Content starts
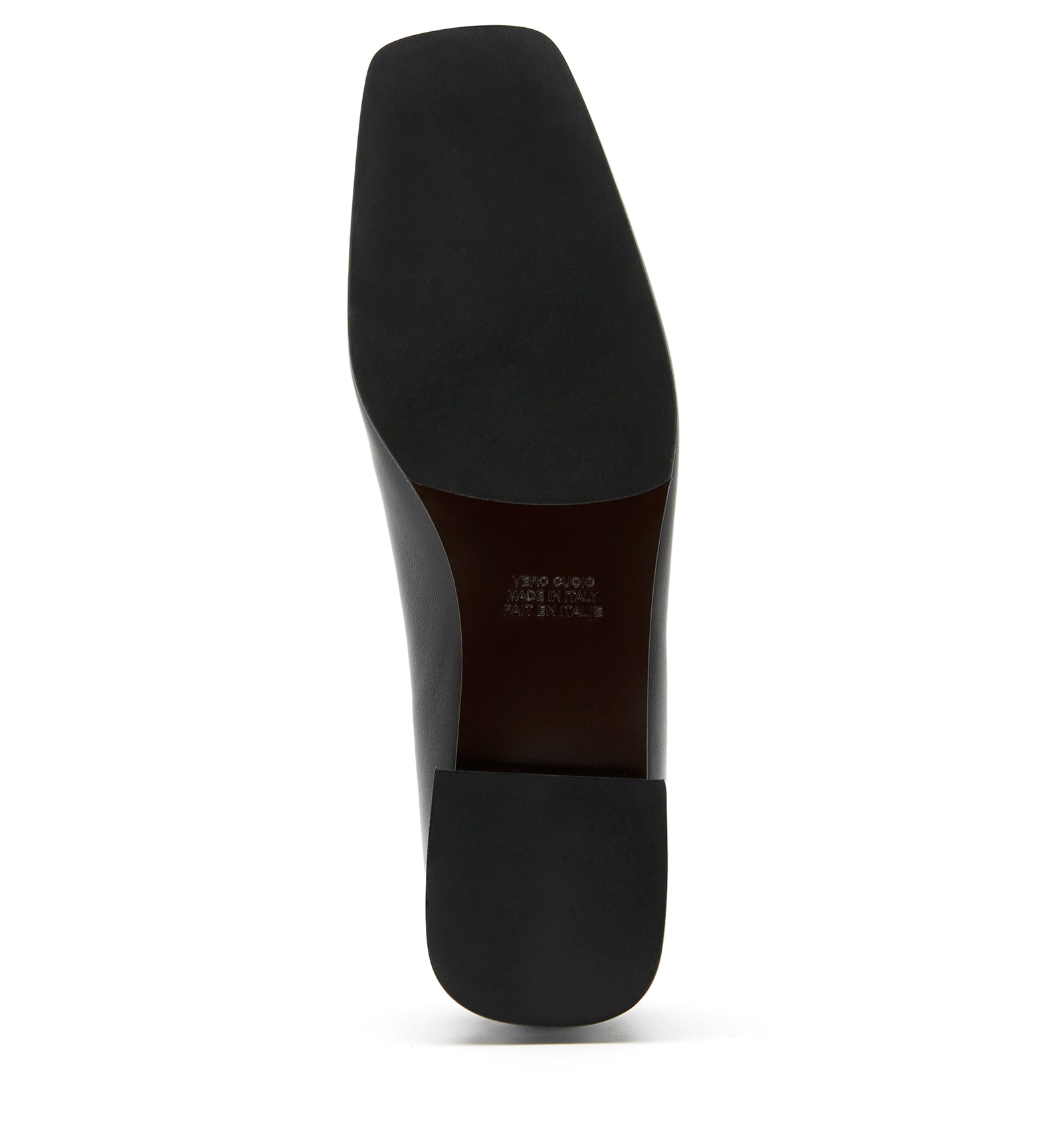 ANGELINA BALLERINE EN CUIR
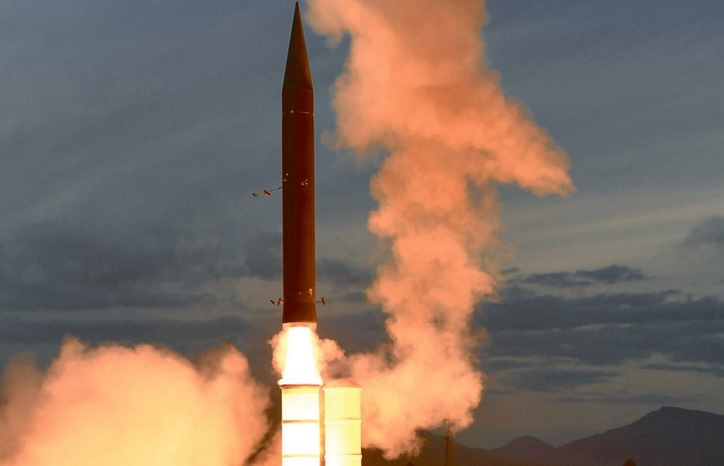 До кінця року Німеччина отримає систему ПРО для захисту від " ліщини» 1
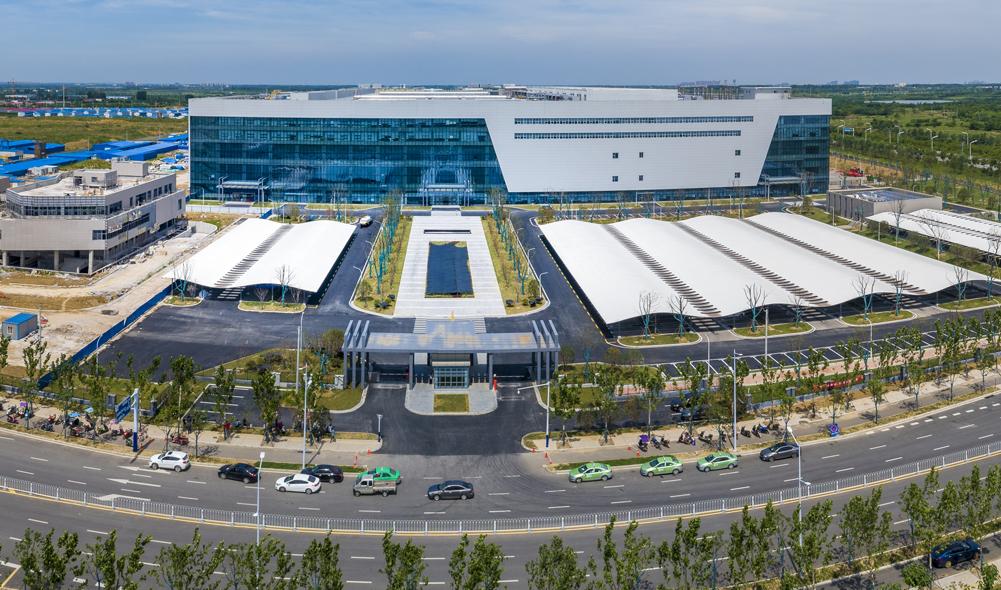 快速发展的合肥——中国科技大学撑起来的“科技之都”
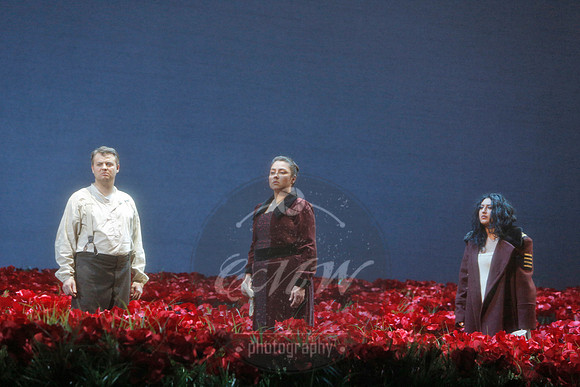 Metropolitan Opera, Prince Igor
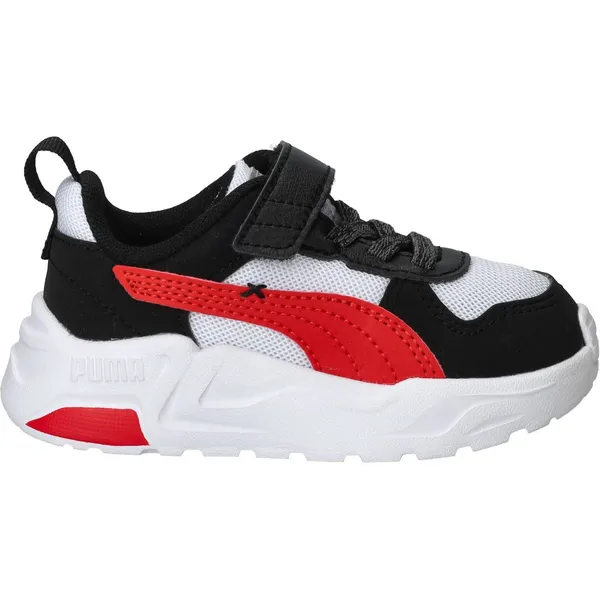 PUMA Trinity 2 LT Mid 90s Zwart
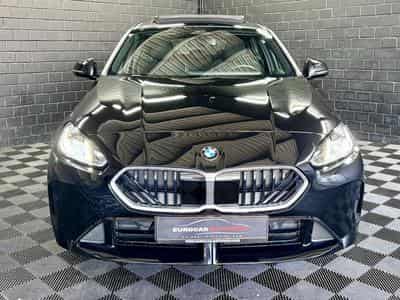 BMW 120 120iA M-Sport 170CV (F70) *PANO*Sièges Chauffants*Shadow Lin (2025) - Photo 2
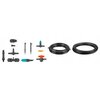 Zestaw do nawadniania GARDENA Micro-Drip-System 13400-20 (15 m) Długość [m] 15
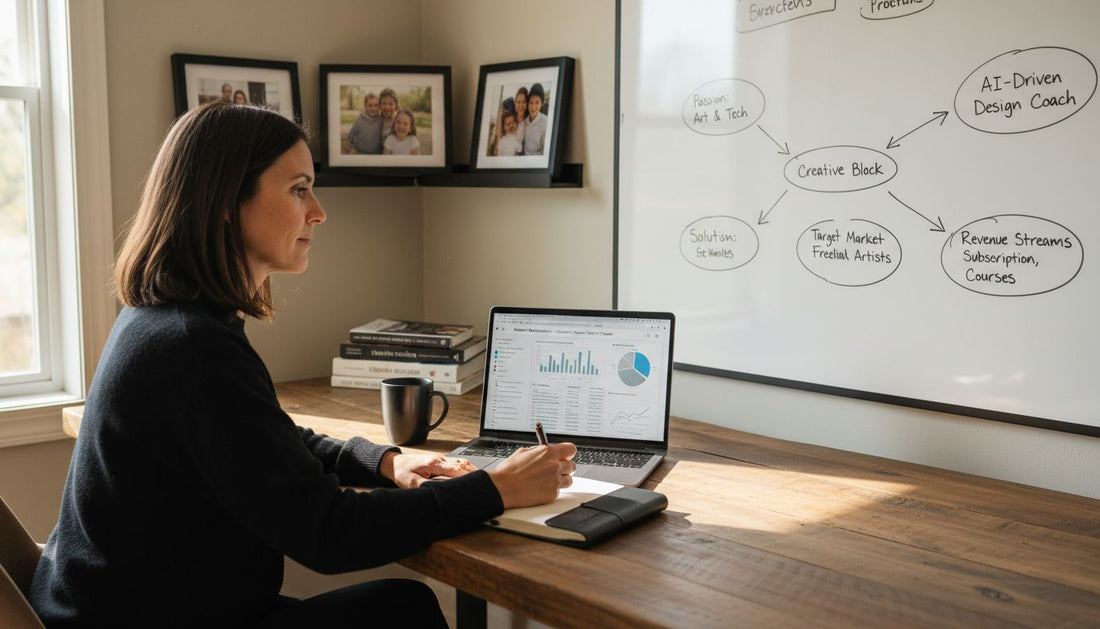 home business idea validation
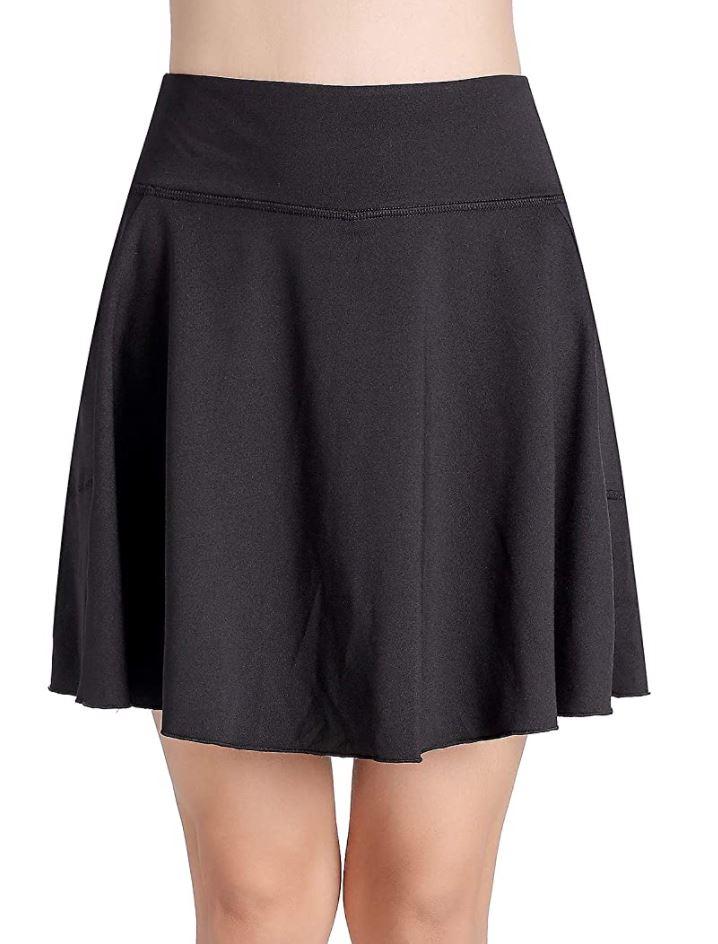 Women's Running Active Workout Skort Product Image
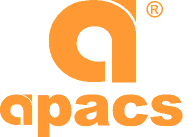 Apacs sports logo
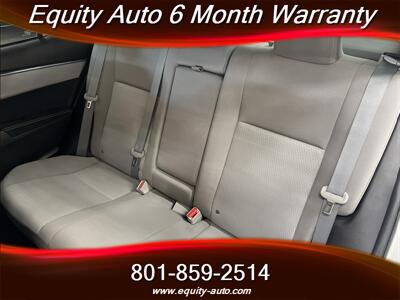 2016 Toyota Corolla LE Plus - Photo 28 - West Valley City, UT 84119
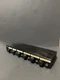Theater Solutions TS6D Dual Input 6 Zone Speaker Selector Box for 12 Speakers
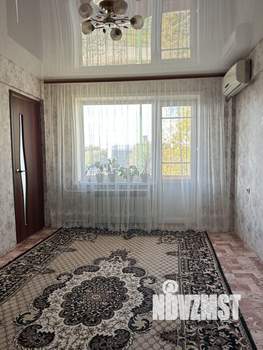 4-к квартира, вторичка, 60м2, 4/5 этаж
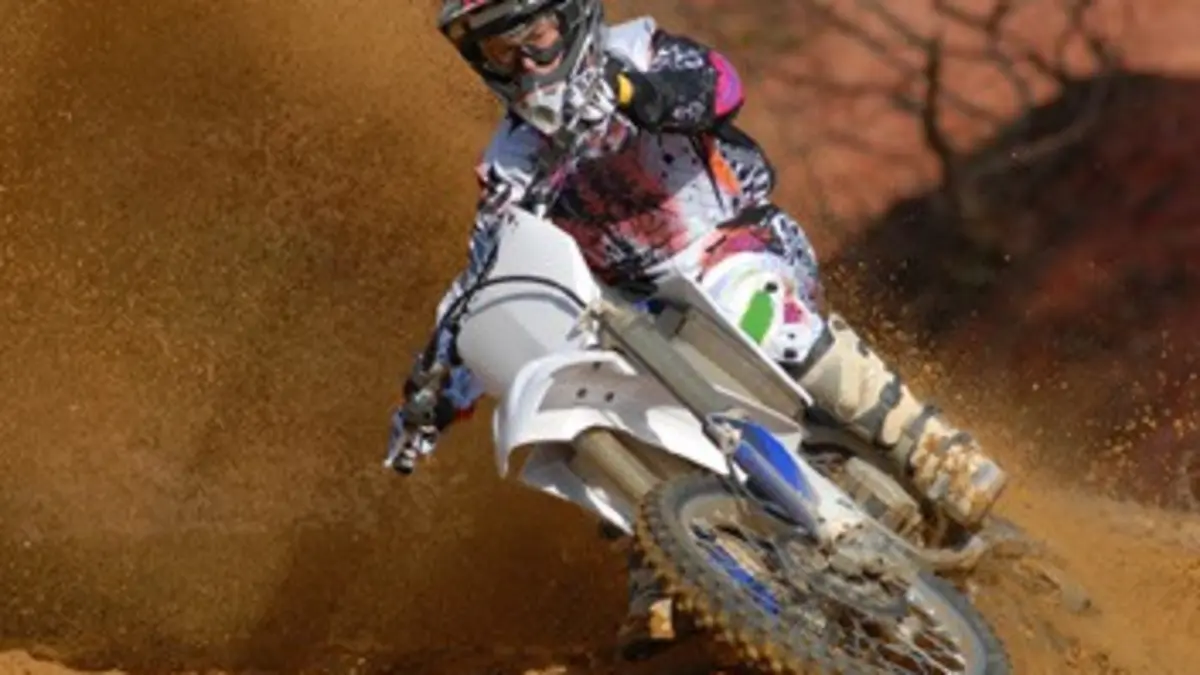 Enduro ISDE 2015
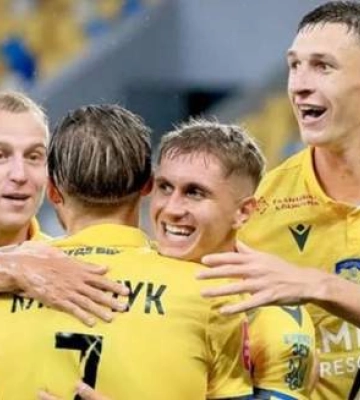 Коли асисти не менш красиві за голи: підбірка найкращих м'ячів 3-го туру УПЛ
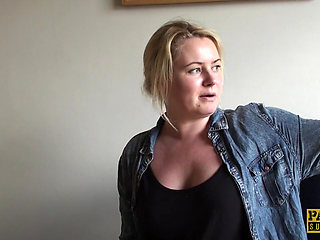 Amber West - Interview - Before Sex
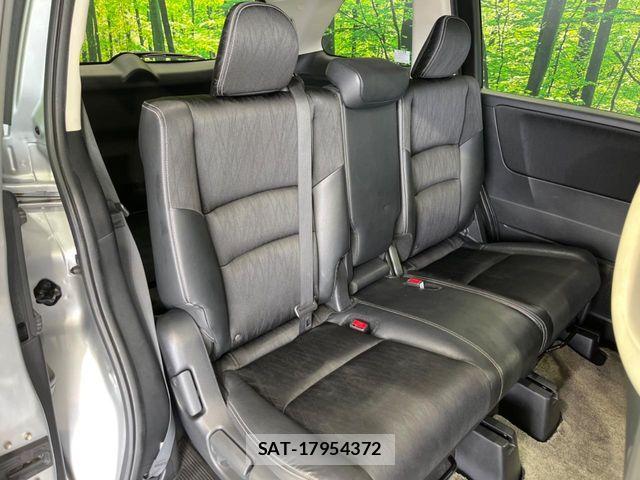 Honda ODYSSEY 2014-07 8881446-8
Content ends
- _About this task_
The expected output is an exact retyping of the lines from the line with "Коли асисти не" through the last line of the data, with both ends kept and the pictures dropped.

- _Answer to this task_
 Коли асисти не менш красиві за голи: підбірка найкращих м'ячів 3-го туру УПЛ
 Amber West - Interview - Before Sex
 Honda ODYSSEY 2014-07 8881446-8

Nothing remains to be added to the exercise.